La pierre raconte son histoire
Cependant, d’autres orientalistes reprirent le travail où Champollion l’avait laissé. Un Allemand notamment, Karl Richard Lepsius, se fixa comme objectif d’élucider tous les détails de l’alphabet hiéroglyphique. En 1837, il publia un traité très détaillé à ce sujet. Une autre inscription mise au jour en 1866 à Tanis (Basse-Égypte) ressemblait à celle de la pierre de Rosette. L’inscription sur cette stèle était en hiéroglyphes et en grec avec, en marge, un texte démotique. Cette inscription a reçu le nom de décret de Canope. Lepsius réussit à lire d’emblée les textes hiéroglyphique et grec.
Dorénavant il était possible de déchiffrer le texte de la pierre de Rosette et de nombreuses autres inscriptions égyptiennes. Cette pierre portait le texte d’un décret promulgué par une assemblée de prêtres au cours de la neuvième année du règne de Ptolémée V Épiphane, qui correspond à l’an 196 avant notre ère. En raison des bienfaits que ce roi avait apportés à l’Égypte, les honneurs qu’il fallait lui rendre en sa qualité de “Sauveur de l’Égypte” devaient être augmentés.
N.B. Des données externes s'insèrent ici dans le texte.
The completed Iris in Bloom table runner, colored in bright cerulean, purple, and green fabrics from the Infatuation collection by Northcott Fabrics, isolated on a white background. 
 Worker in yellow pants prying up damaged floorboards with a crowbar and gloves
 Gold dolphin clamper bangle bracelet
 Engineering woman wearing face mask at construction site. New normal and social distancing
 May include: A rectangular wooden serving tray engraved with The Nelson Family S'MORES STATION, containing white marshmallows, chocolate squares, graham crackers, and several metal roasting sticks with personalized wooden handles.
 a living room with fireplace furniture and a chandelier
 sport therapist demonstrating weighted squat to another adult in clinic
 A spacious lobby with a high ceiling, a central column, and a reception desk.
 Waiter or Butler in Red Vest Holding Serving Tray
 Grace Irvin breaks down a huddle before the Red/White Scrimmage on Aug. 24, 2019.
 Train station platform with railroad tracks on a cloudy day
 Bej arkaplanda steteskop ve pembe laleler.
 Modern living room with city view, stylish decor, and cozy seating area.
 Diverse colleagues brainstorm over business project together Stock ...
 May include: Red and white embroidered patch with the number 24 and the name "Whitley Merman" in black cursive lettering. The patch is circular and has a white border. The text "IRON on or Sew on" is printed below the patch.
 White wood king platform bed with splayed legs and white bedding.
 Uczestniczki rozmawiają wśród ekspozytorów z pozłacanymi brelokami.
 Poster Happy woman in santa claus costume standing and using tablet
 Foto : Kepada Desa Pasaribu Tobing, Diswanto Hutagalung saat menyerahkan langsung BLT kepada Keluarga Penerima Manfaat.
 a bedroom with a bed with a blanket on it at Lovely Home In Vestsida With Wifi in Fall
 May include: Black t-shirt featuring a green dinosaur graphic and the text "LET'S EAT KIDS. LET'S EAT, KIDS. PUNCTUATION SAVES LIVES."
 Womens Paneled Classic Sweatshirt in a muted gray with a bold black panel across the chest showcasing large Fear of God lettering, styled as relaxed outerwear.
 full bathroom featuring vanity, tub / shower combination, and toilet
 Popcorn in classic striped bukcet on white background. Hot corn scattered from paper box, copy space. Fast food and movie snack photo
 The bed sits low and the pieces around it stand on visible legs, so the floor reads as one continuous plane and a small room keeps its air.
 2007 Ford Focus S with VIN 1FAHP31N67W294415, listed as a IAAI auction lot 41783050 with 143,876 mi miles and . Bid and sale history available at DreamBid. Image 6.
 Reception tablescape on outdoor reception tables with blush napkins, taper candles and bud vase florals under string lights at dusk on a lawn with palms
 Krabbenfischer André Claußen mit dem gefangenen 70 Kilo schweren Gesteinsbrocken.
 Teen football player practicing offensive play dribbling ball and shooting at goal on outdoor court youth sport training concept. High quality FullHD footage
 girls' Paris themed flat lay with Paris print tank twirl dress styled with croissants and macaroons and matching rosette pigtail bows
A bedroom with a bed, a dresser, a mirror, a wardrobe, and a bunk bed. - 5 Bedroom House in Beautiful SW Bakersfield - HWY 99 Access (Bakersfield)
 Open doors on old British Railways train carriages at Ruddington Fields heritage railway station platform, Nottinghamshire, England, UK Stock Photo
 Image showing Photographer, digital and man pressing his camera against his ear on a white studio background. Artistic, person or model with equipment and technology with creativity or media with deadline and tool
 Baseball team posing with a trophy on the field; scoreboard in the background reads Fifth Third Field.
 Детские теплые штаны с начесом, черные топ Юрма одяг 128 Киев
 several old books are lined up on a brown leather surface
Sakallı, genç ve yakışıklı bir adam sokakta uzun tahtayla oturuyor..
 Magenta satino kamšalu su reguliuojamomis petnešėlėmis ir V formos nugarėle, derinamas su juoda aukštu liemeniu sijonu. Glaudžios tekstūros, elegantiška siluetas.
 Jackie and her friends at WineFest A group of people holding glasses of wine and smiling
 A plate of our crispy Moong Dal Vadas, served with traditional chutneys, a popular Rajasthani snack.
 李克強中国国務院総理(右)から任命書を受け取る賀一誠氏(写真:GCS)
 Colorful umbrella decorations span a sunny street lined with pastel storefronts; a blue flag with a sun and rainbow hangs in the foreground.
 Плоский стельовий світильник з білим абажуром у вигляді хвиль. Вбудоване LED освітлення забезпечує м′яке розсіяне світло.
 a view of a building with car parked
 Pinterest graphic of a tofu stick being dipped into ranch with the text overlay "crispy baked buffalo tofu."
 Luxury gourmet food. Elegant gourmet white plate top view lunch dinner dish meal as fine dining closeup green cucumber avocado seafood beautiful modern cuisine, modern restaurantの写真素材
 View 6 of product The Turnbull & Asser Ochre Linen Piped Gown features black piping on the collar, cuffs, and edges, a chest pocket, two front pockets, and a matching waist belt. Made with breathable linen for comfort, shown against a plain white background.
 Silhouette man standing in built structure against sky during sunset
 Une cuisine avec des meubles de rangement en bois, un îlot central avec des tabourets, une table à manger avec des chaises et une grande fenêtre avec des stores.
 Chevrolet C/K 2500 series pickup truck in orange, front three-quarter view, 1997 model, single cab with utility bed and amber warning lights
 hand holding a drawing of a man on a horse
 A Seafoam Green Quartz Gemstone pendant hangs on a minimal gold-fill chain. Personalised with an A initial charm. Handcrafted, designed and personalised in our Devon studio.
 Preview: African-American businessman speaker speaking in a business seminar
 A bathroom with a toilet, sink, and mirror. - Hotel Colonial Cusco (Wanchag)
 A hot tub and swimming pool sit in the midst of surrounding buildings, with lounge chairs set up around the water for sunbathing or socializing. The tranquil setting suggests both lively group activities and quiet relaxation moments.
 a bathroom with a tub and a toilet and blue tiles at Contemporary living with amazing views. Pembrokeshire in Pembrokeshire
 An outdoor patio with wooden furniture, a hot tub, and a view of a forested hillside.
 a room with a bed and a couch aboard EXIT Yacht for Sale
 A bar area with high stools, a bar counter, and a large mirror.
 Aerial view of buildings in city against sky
Sa statue devait être placée dans tous les temples du pays et des figurines en or le représentant portées dans les processions. L’anniversaire de sa naissance et celui de son couronnement seraient des fêtes “à perpétuité”. Tous les prêtres porteraient le nouveau titre de “prêtres du dieu bienfaisant Ptolémée Épiphane venu sur terre”. Enfin, le décret devait être gravé sur des pierres de basalte noir dans “l’écriture du langage du dieu” (hiéroglyphique), et ces pierres devaient être placées à côté de la statue de Ptolémée dans les temples.
Près de deux mille ans plus tard, lors de la mise au jour de la pierre de Rosette, les temples d’Égypte étaient en ruines. La gloire de ce pays n’était plus qu’une légende. Depuis longtemps, ses pharaons étaient morts. Les statues des dieux s’étaient écroulées ; elles étaient incapables d’aider les prêtres à célébrer les fêtes de Ptolémée “à perpétuité”. Même le langage du dieu était perdu, oublié, et la recherche d’indices permettant de pénétrer les secrets du passé fut un véritable défi mettant à rude épreuve l’ingéniosité de plus d’une génération de savants.